• Data to process:
══════════
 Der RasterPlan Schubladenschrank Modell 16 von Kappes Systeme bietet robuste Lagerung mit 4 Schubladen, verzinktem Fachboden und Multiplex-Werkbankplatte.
══════════
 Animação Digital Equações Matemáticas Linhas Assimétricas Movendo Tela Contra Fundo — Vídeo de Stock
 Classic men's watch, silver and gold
══════════
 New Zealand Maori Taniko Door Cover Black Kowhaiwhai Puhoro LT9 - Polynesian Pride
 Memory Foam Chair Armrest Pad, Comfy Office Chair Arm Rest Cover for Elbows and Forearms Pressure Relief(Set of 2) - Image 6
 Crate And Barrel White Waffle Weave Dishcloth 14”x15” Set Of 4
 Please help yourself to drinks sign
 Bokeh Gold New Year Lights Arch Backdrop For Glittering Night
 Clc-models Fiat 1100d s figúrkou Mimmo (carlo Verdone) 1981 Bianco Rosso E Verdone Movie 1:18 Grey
══════════
Of the entries above, repeat exactly the lines between the line with "Crate And Barrel" and the line with "Clc-models Fiat 1100d", inclusive, and no others.

• Solution to the problem:
 Crate And Barrel White Waffle Weave Dishcloth 14”x15” Set Of 4
 Please help yourself to drinks sign
 Bokeh Gold New Year Lights Arch Backdrop For Glittering Night
 Clc-models Fiat 1100d s figúrkou Mimmo (carlo Verdone) 1981 Bianco Rosso E Verdone Movie 1:18 Grey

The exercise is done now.